Last week, Netflix (Nasdaq: NFLX) reported its second quarter financial results. The company announced that revenues grew 9% to $7.97 billion, and noted that the growth would have been 13%, but they were impacted by a $339 million foreign exchange hit. They add that the growth was driven by a 6% and 2% increase in average paid memberships and average revenue per member.
The company reported an operating income of $1.78 billion or a margin of 19.8%, both metrics being down sequentially. While net income and diluted EPS also saw a sequential decline, coming in at $1.44 billion and $3.20, respectively.
The company reported another quarterly subscriber loss, though better than the forecasted loss of 2 million. The company did announce that there was a net loss of 1 million subscribers for the quarter, bringing the total paid members to 220.67 million, which equates to year-over-year growth of 5.5%.
Netflix also provided third-quarter guidance in which they expect revenues to grow to $7.84 billion, which equates to 4.7% year-over-year growth. Netflix anticipates that they will see 1 million new subscribers during the third quarter and expects net income to drop to $961 million, or earnings per share of $2.14.
Netflix currently has 46 analysts covering the stock with an average 12-month price target of $270, which represents an upside of 23%. Out of the 46 analysts, eight analysts have strong buy ratings, 4 have buy ratings, 28 have holds, five analysts have sell ratings, and one analyst has a strong sell rating on the stock. The street high sits at $735, or an upside of 233%.
In BMO Capital Markets’ note on the results, they reiterate their outperform rating and $365 12-month price target, saying that the growth at a reasonable price is now “fully engaged” as it seems like the results have turned the corner with the third quarter guidance.
BMO writes, “This quarter management delivered a much better explanation of its new points of focus, including advertising and password sharing/add a home.”
On the results, the paid subscribers came in better than Netflix’s own guidance of -2 million. With EMEA beating BMO’s estimates while UCAN, LATAM, and APAC subscribers came in line with their estimates. BMO was expecting losses of 1.6 million for EMEA.
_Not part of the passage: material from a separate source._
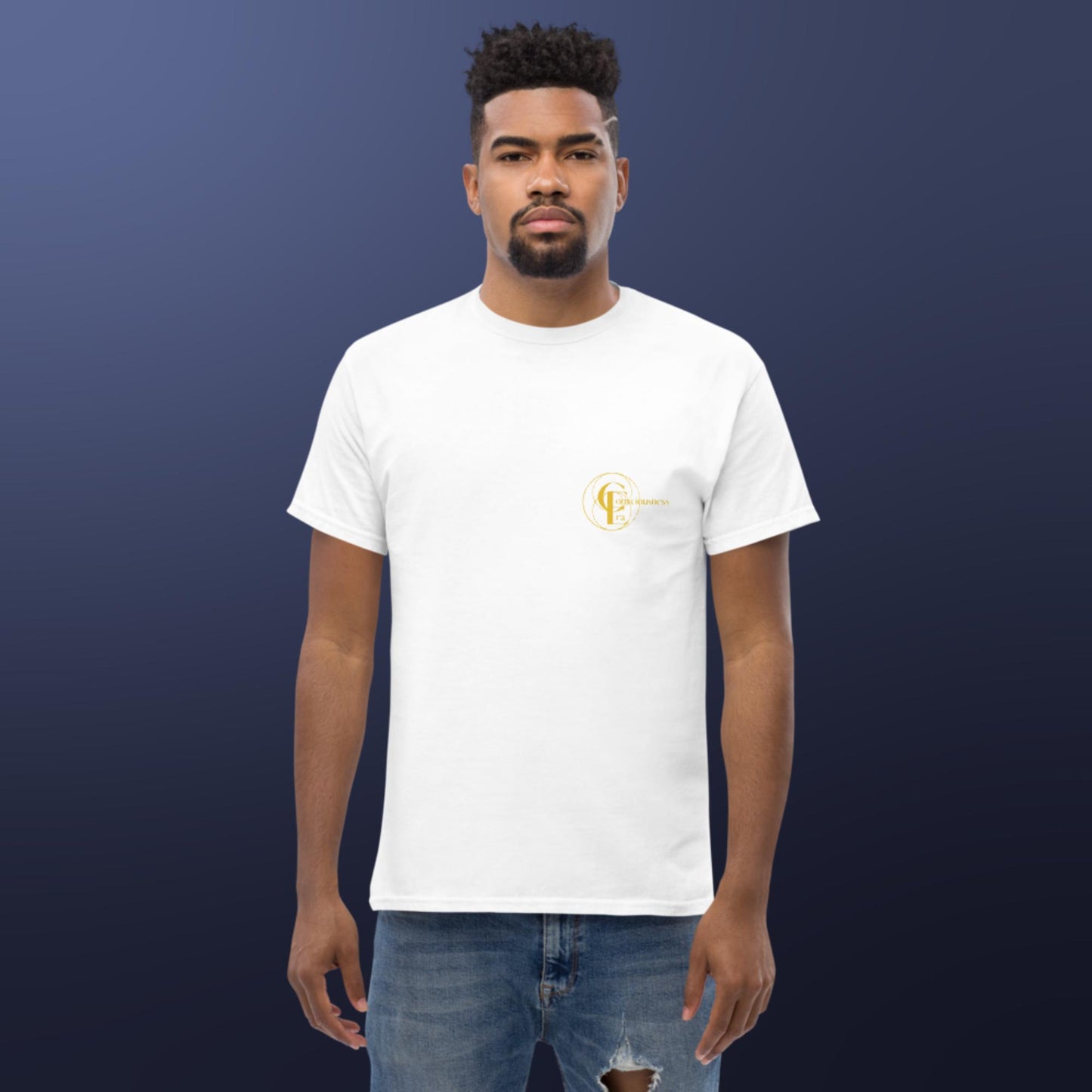 Men's classic t-shirt with Consciousness Era logo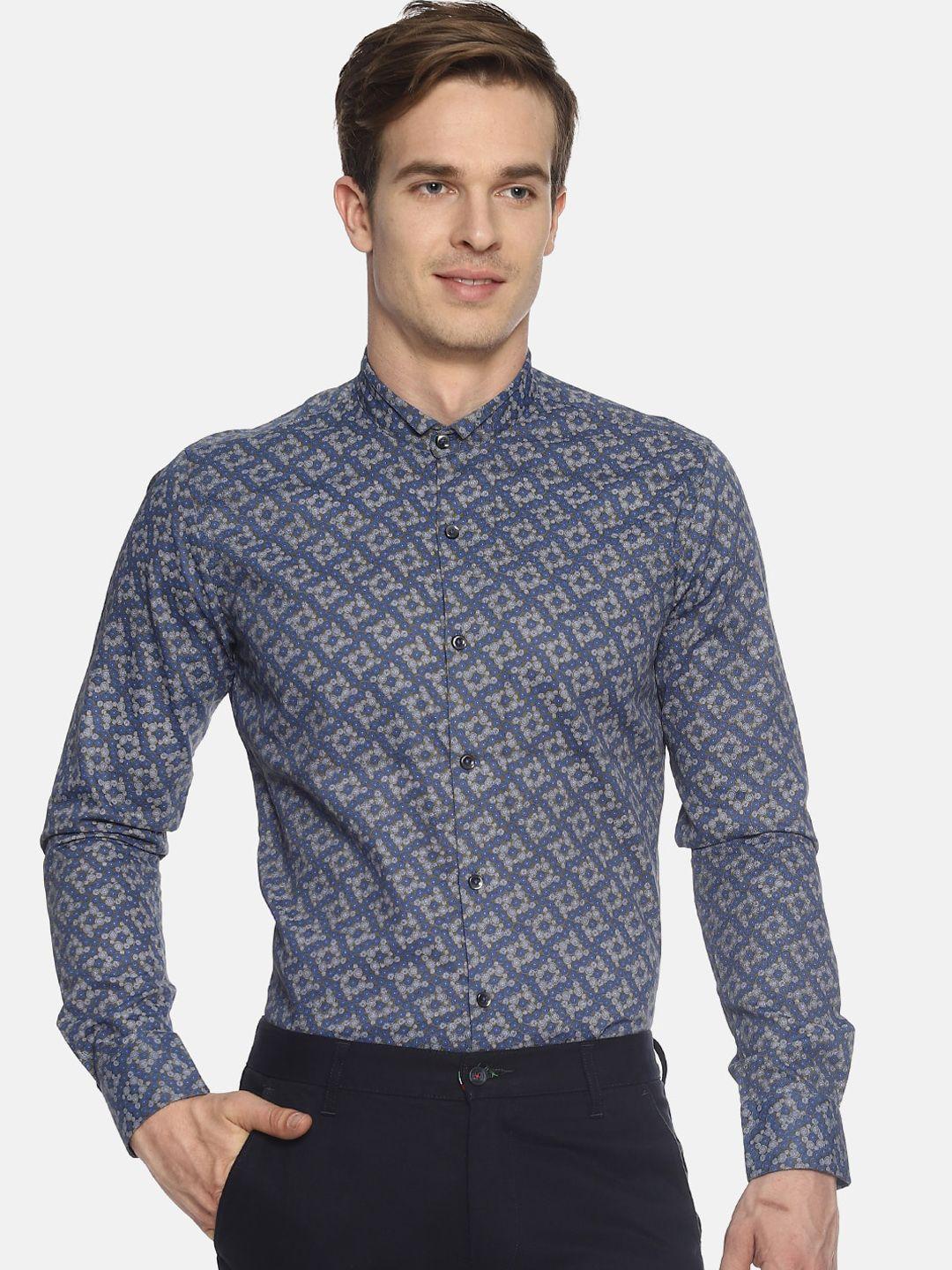 couper-&-coll-men-blue-printed-casual-shirt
Revenue and average revenue per member all came in line with BMO’s estimates, not only for the second quarter results but also for the third quarter. While operating margin came in below BMO’s estimate of 21.5%.
Lastly, the company revised its estimates for the third quarter, the full year 2022, and 2023 to factor in the results and fresh guidance. In the updated estimates, they are factoring in that Netflix maintains its subscriber estimates but realizes a slightly lower average revenue per member. They also are reducing their buyback expectations as the company elected to not buy back shares during the second quarter.
Information for this briefing was found via Sedar and Refinitiv. The author has no securities or affiliations related to the organizations discussed. Not a recommendation to buy or sell. Always do additional research and consult a professional before purchasing a security. The author holds no licenses.